Der Sündenfall: Betrug und Fälschung in der deutschen Wissenschaft [The Fall of Man: Fraud and Falsification in German Science]

  • Marco Finetti &
  • Armin Himmelrath
Raabe: 1999. 261 pp. DM34

German science lost its innocence two years ago with the exposure of what is probably Europe's worst case of scientific fraud: the now infamous Friedhelm Herrmann and Marion Brach stand accused of brazen fabrication of data in scores of peer-reviewed publications over many years.

Thirty-something Brach has admitted guilt, but says she was taught to cheat by Herrmann, who had been her mentor, scientific collaborator and lover. The “web of sex, violence and intrigue” that bound her to Herrmann was the breeding ground for the deceit, she claims. Herrmann, 11 years her senior, says Brach had not told him that she was making up results.

The case seemed to release pressure in a fermenting barrel, for German newspapers have since reported a stream of new scientific fraud cases. These include the scientifically important and much-reported case at the Max Planck Institute for Plant Breeding in Cologne, where a technician was able to deceive the scientific world for years by fiddling a key assay, and the curious affair at the University of Giessen where a young veterinary scientist, stripped of his PhD, has been charged with trying to kill his whistle-blower by spiking his tea with digitoxin.

But according to the authors of this fascinating, if somewhat fatalistic book, cheating in German science is not just about the present — it has a long history, and possibly a solid future ahead of it.

Their thesis, coherently argued, is that cheating is both widespread and intrinsic to science, riddled as it is with what they alarmingly refer to as “diseases of science” — the competition for research funds, the pressure to publish and the fight for recognition in Germany's rigidly hierarchical academic society.
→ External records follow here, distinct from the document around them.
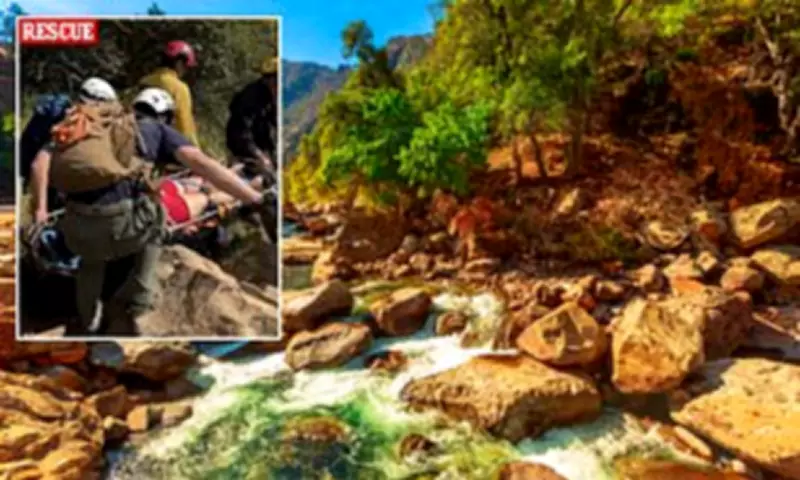 Rattlesnake Bite Rescue: Woman Texted for Help on California Trail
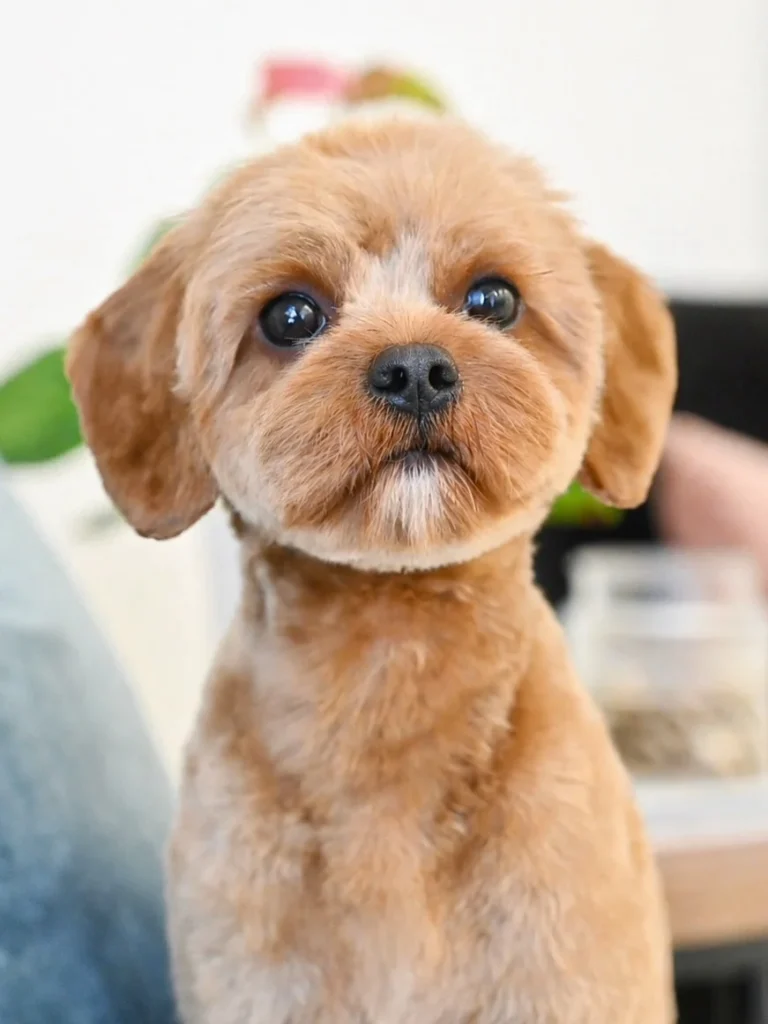 Close up of Cavapoo long ear teddy bear grooming style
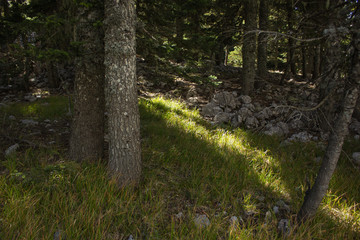 mountain forest morning nature scenery landscape with soft focus trees and sun light beams 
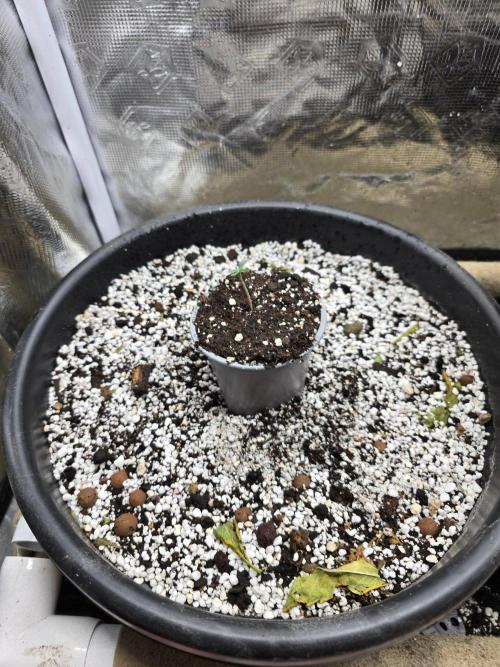 Atlas F1. Week 1 - I give a little twist to ensure good connection into the soil.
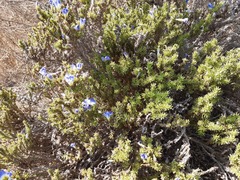 Nolana coelestis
They argue, correctly, that the German scientific community had, at least until now, kept its collective mind closed to the possibility that scientific misconduct could exist. ‘Idealists’ believed that science was too intrinsically pure to allow for cheating; ‘rationalists’ argued that science must always expose fiction because experiments are destined to be repeated; and ‘nationalists’ claimed that scientific fraud could never happen in Germany, where scientists have not been exposed to the same pressure as their US colleagues.

The authors efficiently dispense with these arguments. Some German scientists worked on Mengele's experiments in the Nazi era, so science is not intrinsically pure; experiments can lie dormant in the literature for years before they are repeated, if at all; science is global, so there is no such thing as a national scientific culture.

They applaud the way research organizations responded to the Herrmann and Brach affair by designing codes of good scientific practice and efficient mechanisms for handling fraud within the research institution where it occurs, and by limiting damage done to the research community at large. But they fear that the unwillingness of universities to adopt the new rules will allow fraud to continue in a new regime of complacency: “Problem erkannt — Gefahr gebannt ” (problem recognized, danger eliminated).

This judges too quickly. It is true that universities and research institutes initially displayed innate hostility to guidance from above — guidance, moreover, which seemed to demand a public acknowledgement that they could, in principle, harbour cheats. But universities are already accepting that rules must be set, if only because this is now a condition for eligibility for most sources of public research funds.

Der Sündenfall 's message may err on the side of alarmism, but it is certainly a good read, even though the science behind the scientific fraud is not always clearly described. It is expertly researched and its raw material has, by its very nature, a potent human element.

The book includes numerous case studies, beginning in the 1920s with Ernst Rupp, a physicist with the AEG company in Berlin, whose burning ambition to become a university academic, through fair means or foul, turned him into Germany's first known perpetrator of scientific fraud. Rupp claimed that he had carried out an untested experiment designed by Albert Einstein in 1926 to investigate the properties of light.

Showing (apparently) the interference of electron beams, he (apparently) demonstrated the particle-wave dualism of light and matter. His claim precipitated scepticism among the academic community he sought to woo, since the technological hurdles to such an experiment were, at the time, immense. Over the next few years other German physicists were able to prove that he had lied. In his defence, Rupp produced a psychiatrist's report saying that he suffered phases of “psychogenic trances combined with spiritual weakness”, during which “he unconsciously published reports about physical phenomena which had the character of fiction”.

It is interesting to note that in the good old days fraudsters, however bizarre their excuses, always admitted their guilt when overwhelmed by evidence. Their modern counterparts usually obey their lawyers' advice to deny it to the bitter end.